Fair Bayesian Data Selection via Generalized Discrepancy Measures
This addresses fairness problems in high-stakes applications by offering a scalable, data-centric solution with theoretical guarantees, though it is incremental as it builds on existing discrepancy measures.
The paper tackles fairness issues in machine learning by proposing a Bayesian data selection framework that aligns group-specific posterior distributions to mitigate biases, achieving improved fairness and accuracy on benchmark datasets.

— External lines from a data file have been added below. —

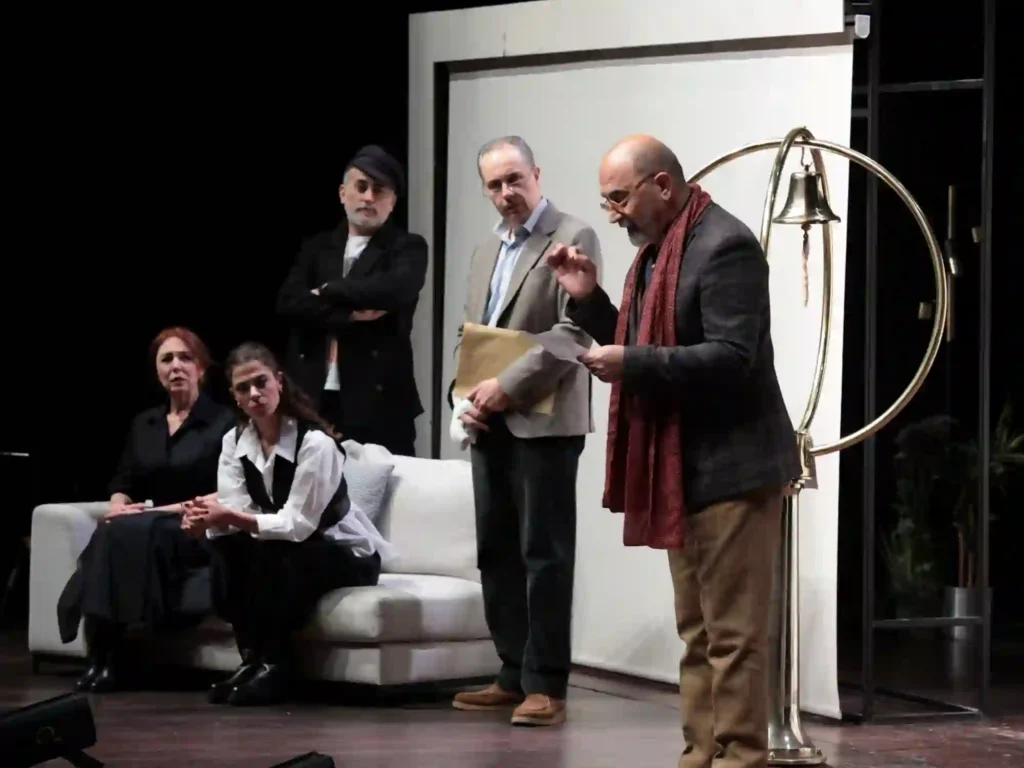 Bir Halk Düşmanı (2)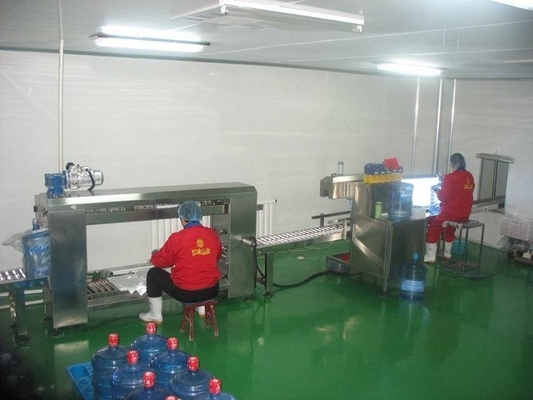 Automatische kwaliteit Automatische 450b/h 5 Gallon Water Productie Lijn voor Water 3500 KG Capaciteit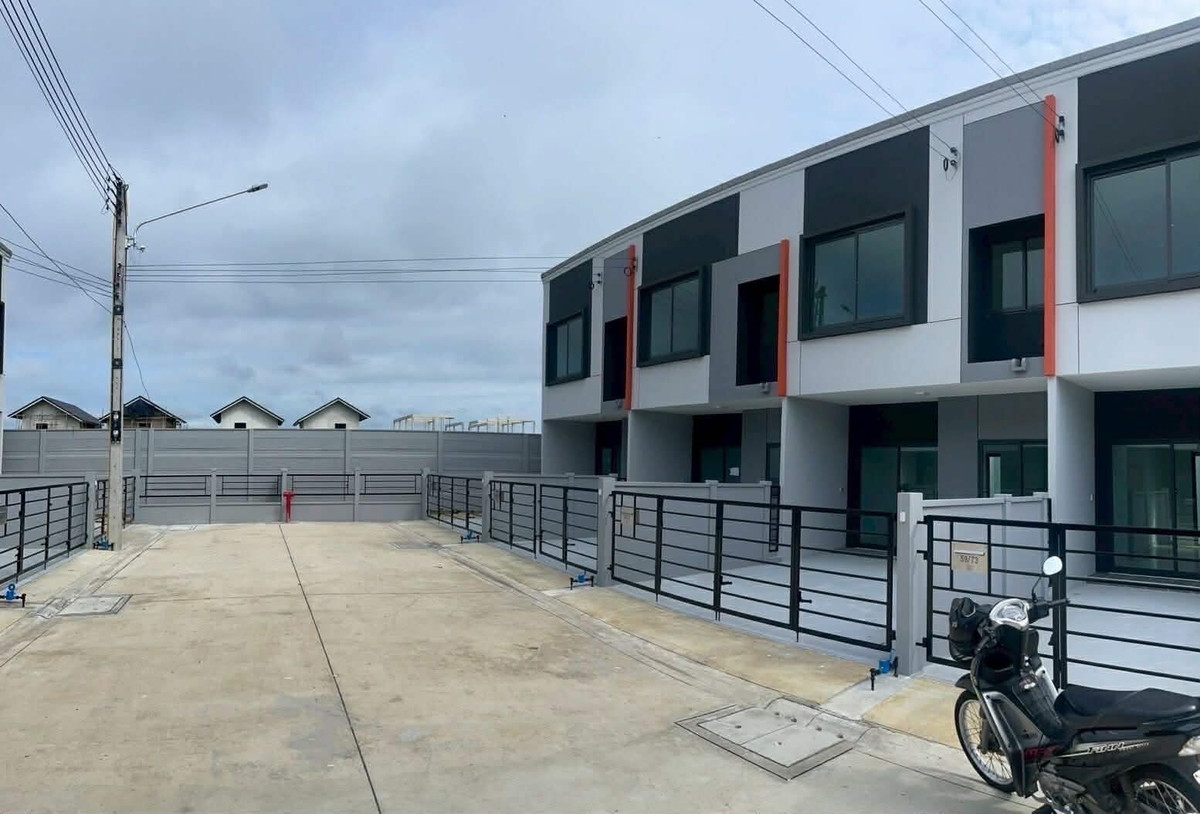 For RentTownhomePathum Thani,Rangsit, Thammasat : ME2500704 New 2-story house for rent, Pleno Town, Lam Luk Ka Khlong 7-Wongwaen, comfortable to live in, fully furnished throughout the house. Ready to move in immediately.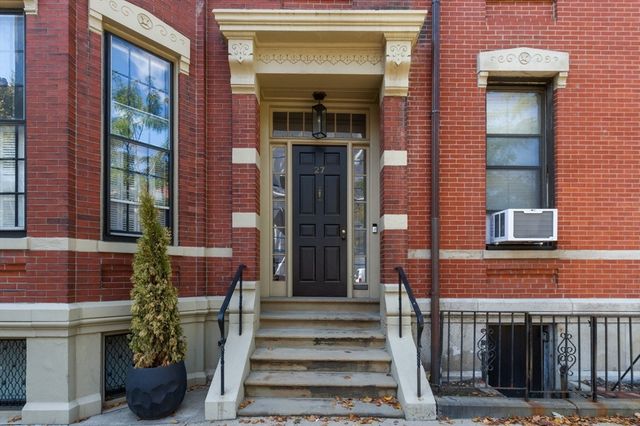 27 Hereford St, Boston, MA 02115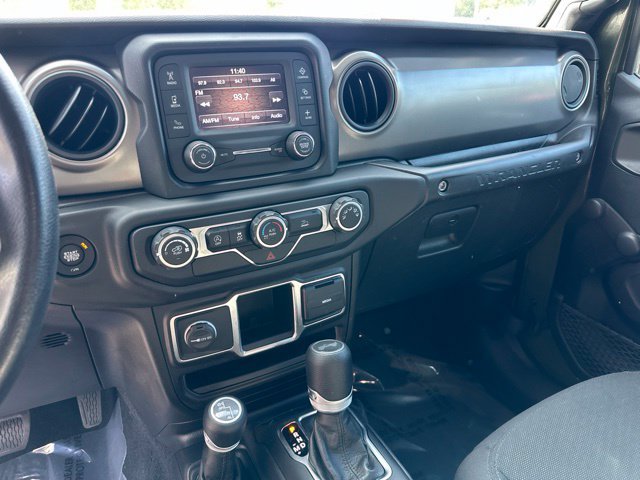 Used 2021 Jeep Wrangler Sport AWD/4WD image 6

Fairness concerns are increasingly critical as machine learning models are deployed in high-stakes applications. While existing fairness-aware methods typically intervene at the model level, they often suffer from high computational costs, limited scalability, and poor generalization. To address these challenges, we propose a Bayesian data selection framework that ensures fairness by aligning group-specific posterior distributions of model parameters and sample weights with a shared central distribution. Our framework supports flexible alignment via various distributional discrepancy measures, including Wasserstein distance, maximum mean discrepancy, and $f$-divergence, allowing geometry-aware control without imposing explicit fairness constraints. This data-centric approach mitigates group-specific biases in training data and improves fairness in downstream tasks, with theoretical guarantees. Experiments on benchmark datasets show that our method consistently outperforms existing data selection and model-based fairness methods in both fairness and accuracy.